Before you can install CA Business Intelligence on Solaris or Linux, you must prepare the computer for the installation. When you prepare the computer, you create a non-root user for the CA Business Intelligence installation ,verify that the Oracle RDBMS is exposed to the installation of CA Business Intelligence and set the environment variables.

Follow these steps:

  1. Log in as a root user.
  2. Create a non-root user. The CA Business Intelligence installation requires a non-root user.

    For example, enter the following commands to create a user named bouser that belongs to the group other:

    groupadd other
    useradd -d /home/bouser -g other -m -s /bin/bash -c bouser bouser
    passwd bouser
    

    When prompted, enter and confirm a password for the user you defined.

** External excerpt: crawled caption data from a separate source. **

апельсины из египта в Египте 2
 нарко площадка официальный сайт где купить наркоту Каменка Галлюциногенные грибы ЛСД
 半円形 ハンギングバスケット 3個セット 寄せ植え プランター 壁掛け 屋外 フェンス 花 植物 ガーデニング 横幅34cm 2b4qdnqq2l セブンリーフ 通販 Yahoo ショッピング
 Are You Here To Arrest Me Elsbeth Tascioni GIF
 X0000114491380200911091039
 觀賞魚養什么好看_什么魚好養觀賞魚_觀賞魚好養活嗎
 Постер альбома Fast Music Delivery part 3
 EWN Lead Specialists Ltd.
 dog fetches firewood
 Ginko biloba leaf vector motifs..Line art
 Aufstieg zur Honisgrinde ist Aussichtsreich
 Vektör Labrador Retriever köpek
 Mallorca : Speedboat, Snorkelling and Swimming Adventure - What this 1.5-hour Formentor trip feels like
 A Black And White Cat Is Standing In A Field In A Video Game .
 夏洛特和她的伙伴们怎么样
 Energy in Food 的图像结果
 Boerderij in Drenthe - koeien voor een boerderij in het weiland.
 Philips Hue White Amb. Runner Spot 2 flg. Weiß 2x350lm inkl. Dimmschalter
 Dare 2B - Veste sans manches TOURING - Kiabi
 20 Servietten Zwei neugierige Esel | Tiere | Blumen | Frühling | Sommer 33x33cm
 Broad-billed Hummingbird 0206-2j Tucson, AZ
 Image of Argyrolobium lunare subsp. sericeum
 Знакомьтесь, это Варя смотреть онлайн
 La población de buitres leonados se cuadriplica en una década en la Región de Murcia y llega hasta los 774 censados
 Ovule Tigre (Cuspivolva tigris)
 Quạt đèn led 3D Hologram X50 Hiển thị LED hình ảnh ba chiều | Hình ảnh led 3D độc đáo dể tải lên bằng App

  3. (Linux) Verify that the LANG environment variable is configured as follows:
    LANG=en US.utf8
    
  4. Log in as the non-root user you created.
  5. Enter the following commands to verify that the ORACLE_HOME and TNS_ADMIN environment variables are set correctly:
    echo $ORACLE_HOME
    echo $TNS_ADMIN
    

    A non-empty output verifies that these environment variables are valid. For example:

    /opt/oracle/app/oracle/product/10.2.0/client_1
    /opt/oracle/app/oracle/product/10.2.0/client_1/admin/network
    

    If you receive an empty output for the commands, verify that the variables are set for the non-root user you created. For example, edit /home/bouser/.profile as follows:

    ORACLE_HOME=/opt/oracle/app/oracle/product/10.2.0/client_1
    export ORACLE_HOME
    TNS_ADMIN=$ORACLE_HOME/network/admin
    export TNS_ADMIN
    
  6. Verify that LD_LIBRARY_PATH for your non-root user contains the following paths:
    $ORACLE_HOME/lib:$ORACLE_HOME/lib32
    

    For example, type the following command and search the output for these paths:

    echo $LD_LIBRARY_PATH
    

    If these paths are missing, append them to LD_LIBRARY_PATH. For example, edit /home/bouser/.profile as follows:

    LD_LIBRARY_PATH=$LD_LIBRARY_PATH:$ORACLE_HOME/lib:$ORACLE_HOME/lib32
    export LD_LIBRARY_PATH
    
  7. Verify that the folders in LD_LIBRARY_PATH and TNS_ADMIN are accessible, as follows:
    ls -l $ORACLE_HOME
    ls -l $TNS_ADMIN/tnsnames.ora
    

    The commands should not return a permission denied error. If they do, you must grant proper permissions. For example, the root/oracle user should run the following command:

    chmod -R +xr $ORACLE_HOME
    
  8. Verify that Oracle connectivity is valid, using the TNS Ping utility as follows:
    $ORACLE_HOME/bin/tnsping service_name
    

    The output from TNS Ping should look be similar to the following example:

    TNS Ping Utility for Solaris: Version 10.2.0.1.0 - Production on 07-MAY-2008 09:17:02
    Copyright (c) 1997, 2005, Oracle.  All rights reserved.
    Used parameter files:
    /opt/oracle/app/oracle/oracle/product/10.2.0/client_1/network/admin/sqlnet.ora
    Used TNSNAMES adapter to resolve the alias
    Attempting to contact (DESCRIPTION = (ADDRESS_LIST = (ADDRESS = (PROTOCOL = TCP)(HOST = 172.16.234.75)(PORT = 1521))) (CONNECT_DATA = (SERVICE_NAME = service_name)))
    OK (30 msec)
    

    You can now install CA Business Intelligence on Solaris or Linux.